Well, that they’re like martyrs for the cause. Just like anybody else.
How does the group that you’re quoting, especially at the beginning of the story, the Syrian Network for Human Rights, compile these astonishingly bleak figures?
The reason that they are considered the most rigorous and reliably conservative numbers, which are used by many U.N. agencies and governments and human-rights organizations, is that their numbers are not extrapolations or estimates. Their numbers are actual counts of reports that they get. They have people on the ground and people outside Syria, and they basically just take phone calls, and they also have a form on their Web site that you can fill in. They go through the detailed report to them, they verify what they can, and they take this actual tally. A death has to be reported by a family member or direct witness. They don’t take third-party accounts. They even have a guy who goes back and calls the people who have been listed as possible family members of people who have been listed as missing for a long time, to find out if they’re still missing or not. The guy who runs the place told me that they all need therapy, because all they do is take these reports from these family members and contact all these family members. All the people in his organization, like all the Syrians who are working on this and journalists—it piles up to be a large load of trauma and despair.
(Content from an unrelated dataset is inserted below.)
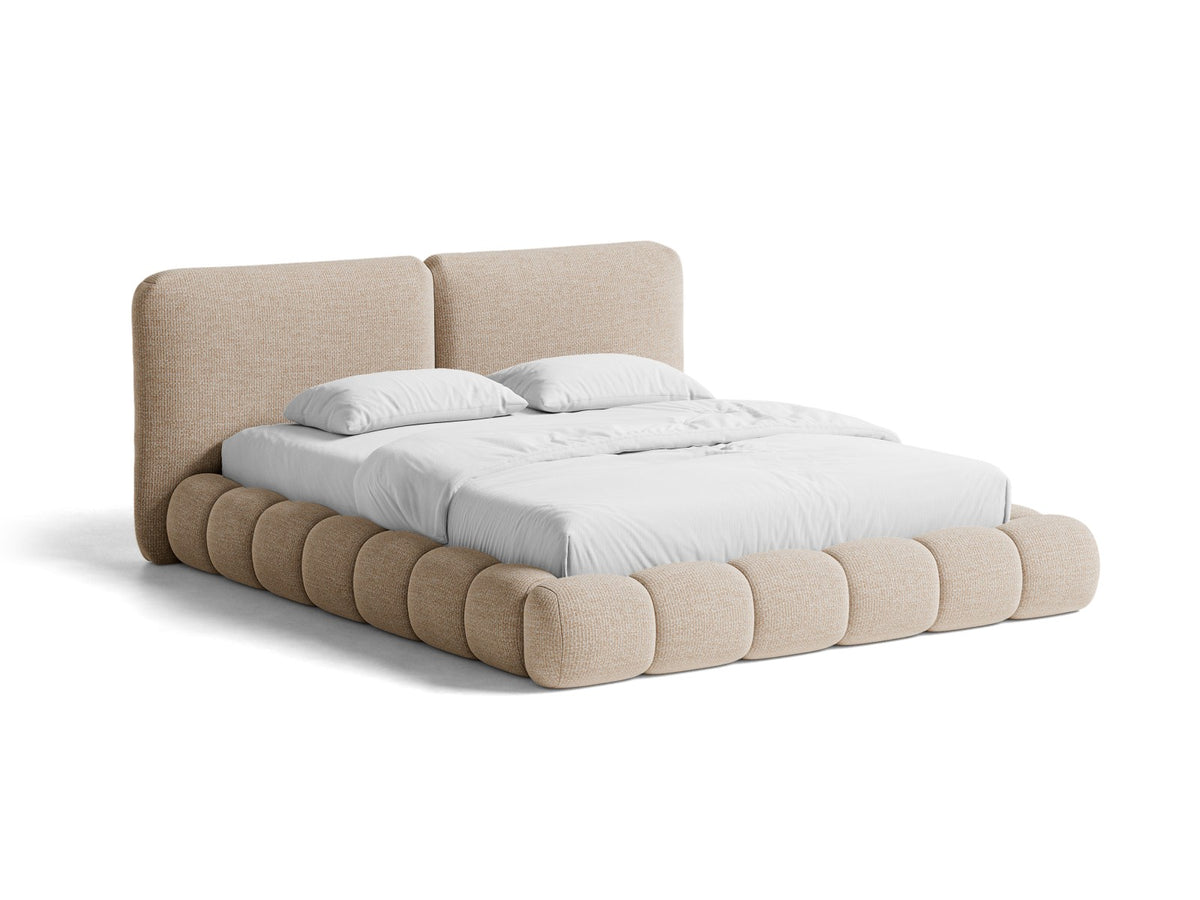 Letto Contenitore con Testata Solange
You mentioned that, especially earlier in the war, there was more of a focus on things like barrel bombs. I do not mean this as a criticism at all of any of the incredible ISIS reporting that a lot of people have done, but do you ever think that the obsessive focus on ISIS and its brutality, including from the American government, warped people’s idea of what was going on in Syria, and which side was committing the most atrocities?
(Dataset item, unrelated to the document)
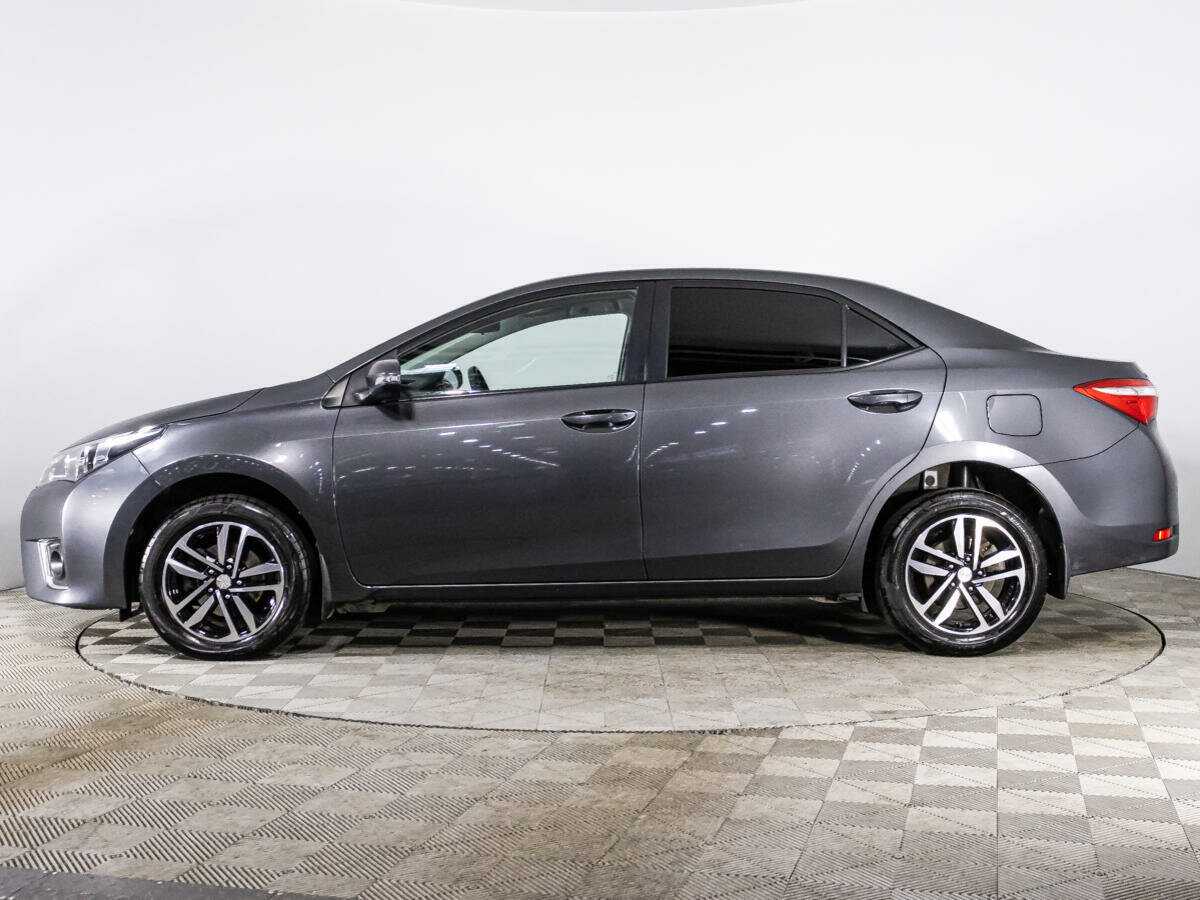 Купить Тойота Королла, 2015, 109 241 км.. Фото: #7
Yes. ISIS and Assad both, in their own ways, played on the tendency of people in the West to be disproportionately terrified by Islamist terrorism, which is partly a phenomenon of Islamophobia and partly the over-weighting of terrorism that everybody does, because it’s such a sensational type of event. ISIS wanted its attacks to be publicized, and they did it on purpose, to terrify people and to expand their reach through psychological terror. Assad very specifically wanted to show the world that he was fighting terrorists and jihadists, whereas, in fact, his government is using all the machinery of the state, and the numbers of people that they are killing and arresting is much, much higher than the numbers that were harmed by ISIS, as terrible and criminal as ISIS’s acts were.